Utang pinjol RI tembus Rp80 triliun, kredit macet alami lonjakan jelang lebaran

- 12 April 2025 - 05:56

Utang masyarakat Indonesia dari pinjaman online (pinjol) mencapai angka mencengangkan, menembus Rp80,07 triliun hingga akhir Februari 2025, menurut data OJK. Kenaikan ini juga diiringi dengan meningkatnya rasio kredit macet (TWP90) menjadi 2,78%, menandakan risiko gagal bayar yang makin serius. Sementara itu, pembiayaan dari modal ventura justru mengalami kontraksi.
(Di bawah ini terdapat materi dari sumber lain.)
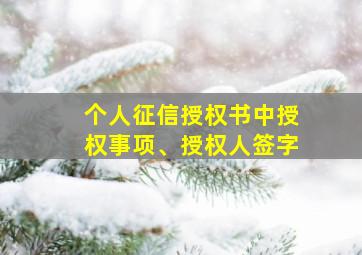 个人征信授权书中授权事项、授权人签字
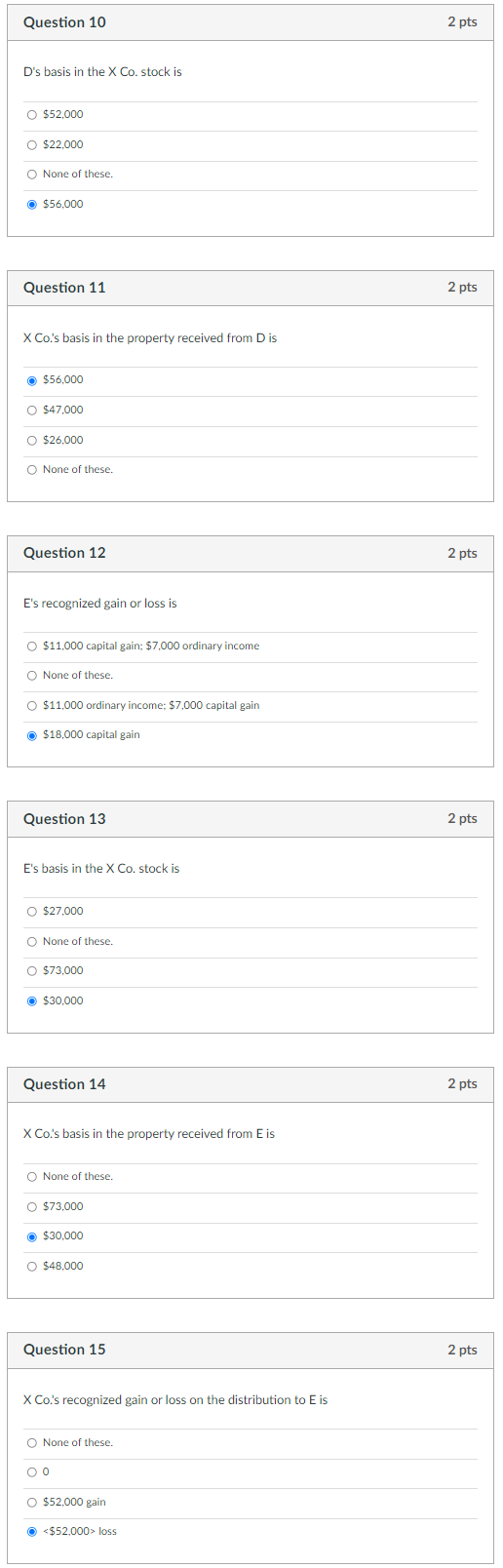 After making the following transfers to X Co., they own 100% of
  1. Lonjakan tajam pembiayaan pinjol hingga Rp80 triliun
  2. Naiknya tingkat kredit macet (TWP90) sebagai alarm risiko gagal bayar
  3. Kontraksi pembiayaan modal ventura dan dampaknya terhadap lanskap fintech

Utang masyarakat Indonesia dari layanan pinjaman online atau peer-to-peer (P2P) lending kian membengkak. Hingga akhir Februari 2025, nilai pembiayaan outstanding dari industri ini mencapai Rp80,07 triliun, naik 31,06% dibandingkan periode yang sama tahun lalu. Peningkatan yang signifikan ini terjadi menjelang Ramadan dan Lebaran—periode yang kerap disertai lonjakan konsumsi dan kebutuhan dana cepat.
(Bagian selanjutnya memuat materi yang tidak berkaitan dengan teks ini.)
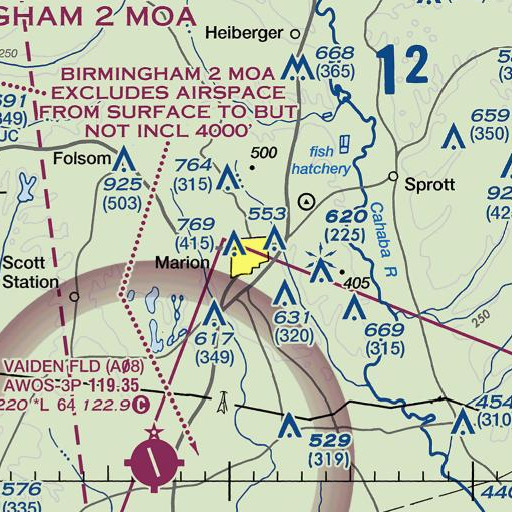 FAA VFR chart of Judson College, AL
Kepala Eksekutif Pengawas Lembaga Pembiayaan Otoritas Jasa Keuangan (OJK), Agusman, menjelaskan bahwa pembiayaan pinjol mengalami akselerasi dari posisi Januari 2025 yang sebesar Rp78,5 triliun.
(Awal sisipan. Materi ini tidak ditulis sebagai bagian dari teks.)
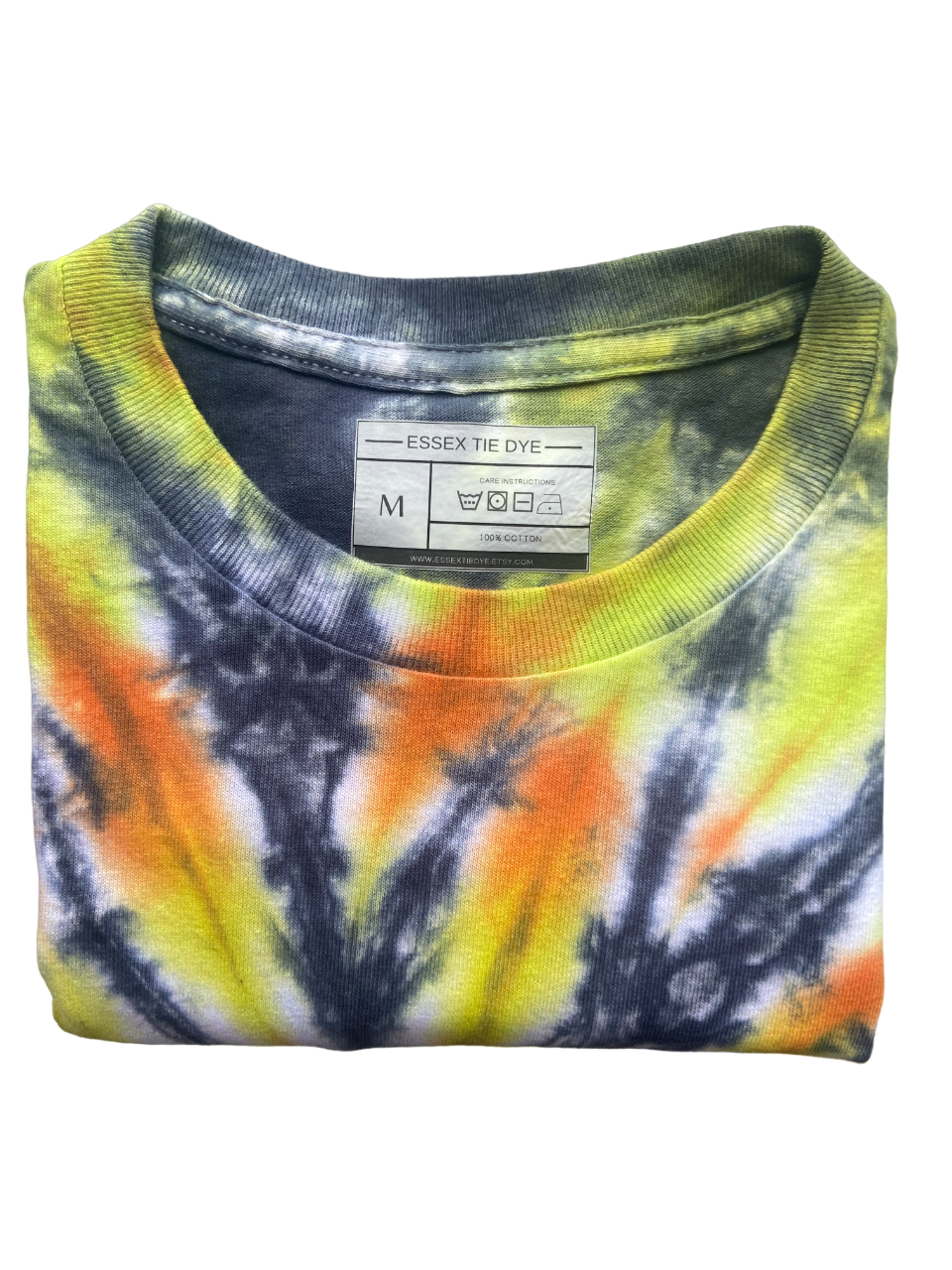 Orange, Lime, Yellow and Black Spiral Tie Dye T-Shirt, Adult, Youth, Unisex, XS, S, M, L, XL, 2XL, 3XL, 4XL, 5XL, Dyed in the UK, Gift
“Pada industri fintech peer-to-peer lending, outstanding pembiayaan di Februari 2025 tumbuh sebesar 31,06% year on year. Dari Januari yang lalu tercatat 29,94% year on year, menjadi nominal sebesar Rp80,07 triliun,” ujar Agusman dalam konferensi pers virtual hasil Rapat Dewan Komisioner Bulanan OJK, Jumat (11/4).

Namun, di balik angka yang mengilap, tersimpan ancaman yang tak kalah serius. Tingkat kredit bermasalah (TWP90), yaitu pembiayaan yang menunggak lebih dari 90 hari, ikut menanjak ke angka 2,78%. Naik dari bulan sebelumnya yang tercatat 2,52%. Angka ini mencerminkan risiko gagal bayar yang mulai mengintai, seiring meningkatnya penetrasi layanan pinjol di tengah masyarakat.

Peningkatan ini terjadi di tengah tren penggunaan produk keuangan digital yang makin marak. Berdasarkan data Google, Temasek, dan Bain & Company dalam laporan e-Conomy SEA 2024, Indonesia menjadi pasar digital terbesar di Asia Tenggara dengan nilai ekonomi digital mencapai US$82 miliar pada 2023 dan diproyeksikan tumbuh menjadi US$130 miliar pada 2025. Salah satu pendorongnya adalah popularitas layanan pinjol dan paylater.

Sementara itu, pembiayaan dari sektor modal ventura justru menunjukkan tren sebaliknya. Per Februari 2025, OJK mencatat nilai pembiayaan dari perusahaan modal ventura berada di angka Rp16,34 triliun. Meski ada peningkatan dari Januari yang tercatat Rp15,81 triliun, secara tahunan sektor ini mengalami kontraksi sebesar 0,93%. Pada Januari, kontraksinya bahkan lebih dalam, mencapai 3,58% year on year.

“Dengan nilai pembiayaan tercatat sebesar Rp16,34 triliun (Februari), di Januari yang lalu tercatat Rp15,81 triliun,” lanjut Agusman.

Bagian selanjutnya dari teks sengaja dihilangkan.